I remember when I first got started buying and renovating apartment buildings, a broker told me that if you haven’t been sued yet, you’re not really in the business. Fortunately for me, I’ve avoided being sued so far.
But that doesn’t mean I haven’t had to discuss settlements with people. Everyone once in a while, in business, someone wrongs you or you wrong someone and you need to come to some kind of agreement about making things right.
But there’s a problem when you want to talk to someone about a settlement: How do you go about doing so without giving them ammunition to use against you in court if the settlement talks don’t work out?

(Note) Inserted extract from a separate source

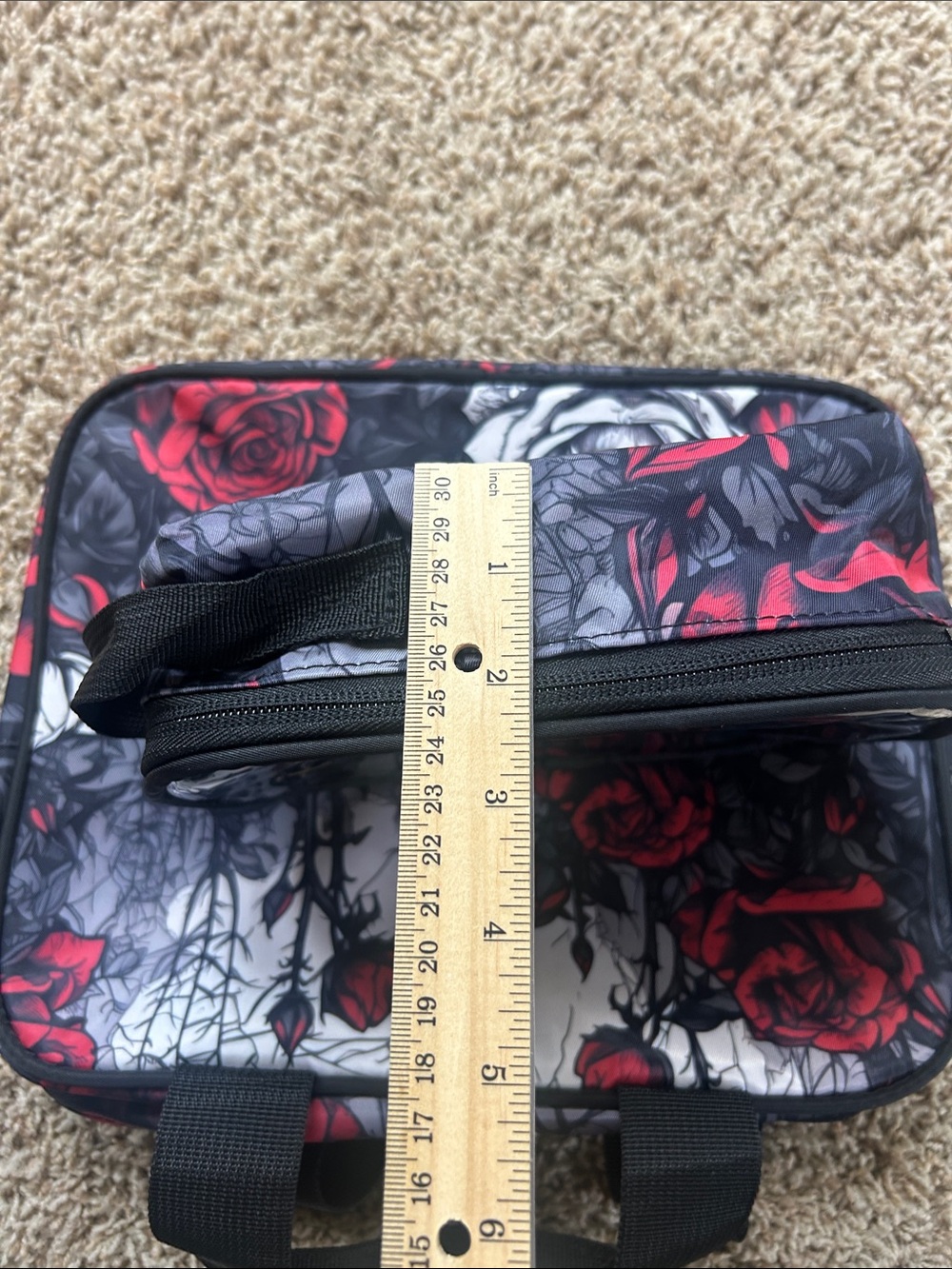 Floral Rose Cosmetic Pouch Set in Black and Red - Picture 3 of 5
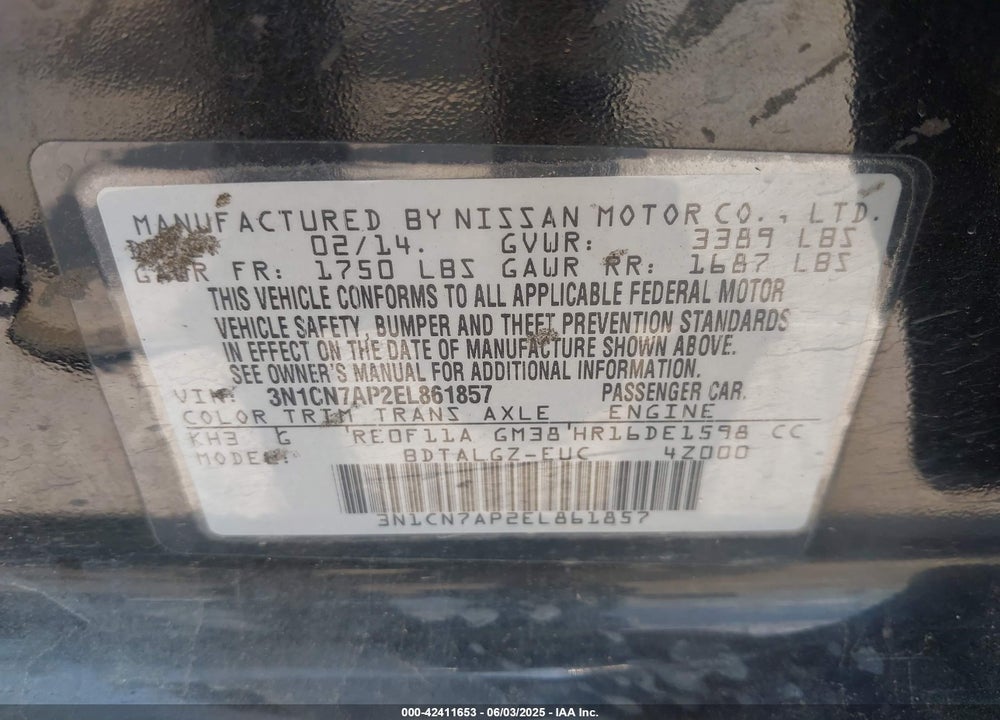 2014 NISSAN VERSA VIN: 3N1CN7AP2EL861857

I asked this question recently to my lawyer, Bob Levinson (who I highly recommend, incidentally) and this is what he told me (Disclaimer: The following is not legal advice and should not be relied upon. Consult your own lawyer!): Settlement negotiations are not admissible as evidence.
What this means in practice is that, if you clearly label a communication with the other party as a settlement offer, they can’t throw it back in your face as a tacit admission of guilt during a trial.
It’s very reasonable, if you think about it. It’s almost always in everyone’s interest to settle cases before they go to court, because it saves everyone money and time. The law doesn’t want to do anything to make it more difficult to settle. Quite the contrary; the law wants to encourage you to settle. So, the law protects either party that makes an offer to do so, in order to help get the ball rolling.
Every once in a while, in business, you run across something that’s well thought-out and reasonable and it makes you smile. This is one of those things.